Daniel Lemire's blog

, 9 min read

Converting floating-point numbers to integers while preserving order

11 thoughts on “Converting floating-point numbers to integers while preserving order”

  1. George Spelvin says:

    It might be worth mentioning the similar code for signed integers, which seem a more natural target for signed floating-point values:

    int64_t sign_flip(int64_t x) {
    uint64_t mask = x >> 62; // Or 63, your choice
    return x ^ (mask >> 1);

    Here, you never flip the sign bit, so the mask needs to cover only the low 63 bits.

    On most modern machines, shift instructions are smaller and faster than large immediate constants, but there are some processors (particularly synthesizable cores for FPGA implementation) which have slow shifts. In such cases, an alternative is:

    uint64_t mask = x & ((uint64_t)1 << 63);
    return x ^ (mask - 1);

    1. Very nice indeed.

  2. aqrit says:

    Is it possible to compare signed integers with a floating-point compare, or do some bit-patterns not work?

    Context: SSE2 has a 64-bit floating-point compare _mm_cmpgt_pd() but has only 32-bit integer compares.

    Current work-around:

    __m128i pcmpgtq_sse2 (__m128i a, __m128i b) {
    __m128i r = _mm_and_si128(_mm_cmpeq_epi32(a, b), _mm_sub_epi64(b, a));
    r = _mm_or_si128(r, _mm_cmpgt_epi32(a, b));
    return _mm_shuffle_epi32(r, _MM_SHUFFLE(3,3,1,1));

    1. Per Vognsen says:

      There’s a simple combinatorial reason you can’t express a 64-bit integer comparison, signed or unsigned, with a 64-bit floating-point comparison: some floating-point numbers “are the same” as far as float comparisons are concerned, notably all the NaN bit patterns, and hence by the pigeonhole principle any mapping from 64-bit ints to 64-bit floats must map some ints to values that won’t order correctly.

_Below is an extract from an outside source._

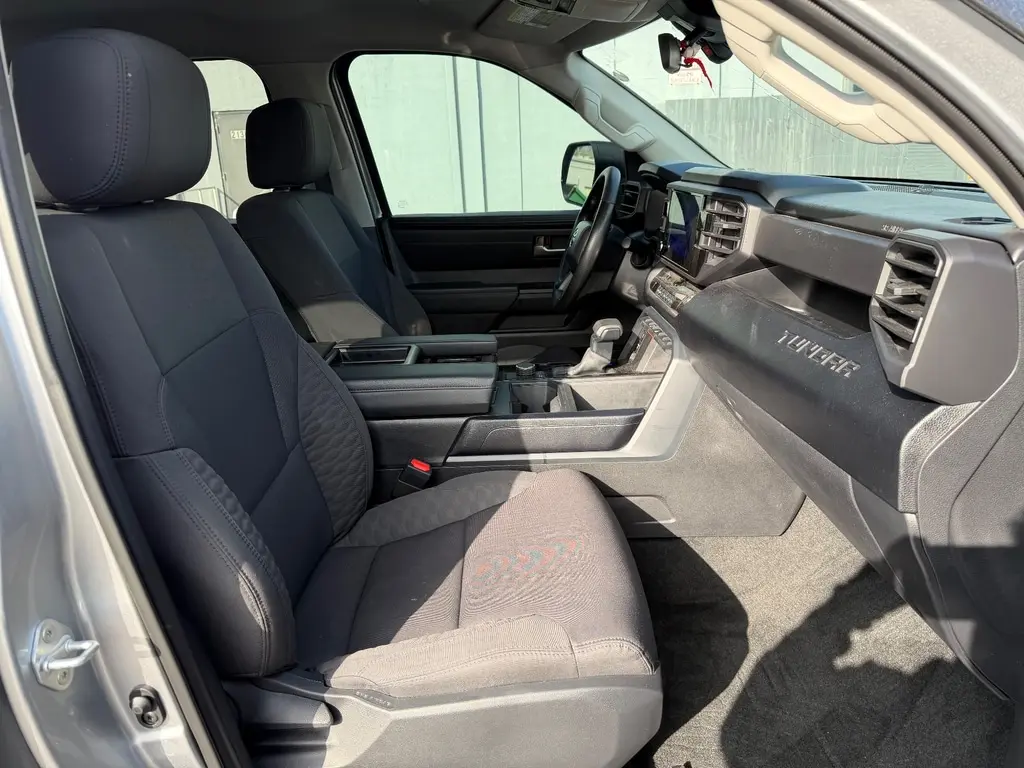 Florida Fine Cars - Used TOYOTA TUNDRA 2WD 2024 MARGATE SR5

      But if you have 64-bit uints where the two most significant bits are 0 (i.e. values in the range 0 to 2^62), so the float sign is positive and the exponent can’t be the all 1s pattern which signifies a NaN, you should be able to load it as a 64-bit float and get isomorphic comparisons. If you want 2’s complement signed comparisons this way, I think you’d have to do a pre-transform.

      1. aqrit says:

        Thank You.

  3. Falk Hüffner says:

    This can be done with two instructions less:

    bool generic_comparator(double x1, double x2) {
    uint64_t i0 = to_uint64(x1);
    uint64_t i1 = to_uint64(x2);
    uint64_t mask = uint64_t(int64_t(i0) >> 63);
    mask |= 0x8000000000000000;
    return (i0 ^ mask) < (i1 ^ mask);

    1. Yes, that’s credible. Thanks.

  4. James Sadler says:

    Thanks for the great post – this is going to come in very handy!

    I assumed the sign_flip function would be reversible by changing the direction of the bit shift. This seems to work for some values, but not quite. Negative values seem to be incorrect by a small amount. It feels like the most insignificant bit is incorrect in the result. Can you see what I’m doing wrong here?

    uint64_t inverse_sign_flip(uint64_t x) {
    // credit http://stereopsis.com/radix.html
    // when the most significant bit is set, we need to
    // flip all bits
    uint64_t mask = uint64_t(int64_t(x) << 63);
    // in all case, we need to flip the most significant bit
    mask |= 0x8000000000000000;
    return x ^ mask;

    1. Can you elaborate on how you arrive at this inverse function? What is your expectation with respect to what is in the mask variable?

      1. James Sadler says:

        My goal is to implement a function that when passed the return value of sign_flip as its argument it returns the original value.

        The following must hold true: i.e. b = sign_flip(a) then a = inverse_sign_flip(b).

        My bit twiddling skills are not my string point, however the above code that I pasted seems to almost work – the result looks incorrect on the least significant bit.

        I wouldn’t be able to explain how it worked backwards, but I am surprised the result was so close to being correct for all values I’ve thrown at it (-ve, +ve, large and small numbers).

        1. I would recommend against doing it with trial and error…

          I have not tested it, but it should be something like that…

             uint64_t mask = uint64_t(int64_t(x ^ 0x8000000000000000) >> 63);
             mask |= 0x8000000000000000;
             return x ^ mask;

          Basically, you can recover the most significant bit by flipping it. It if is 1, you need to flip all bits… if it is 0, you need to flip just the most significant bit. I think that the code above does that… but I am not sure, you should check.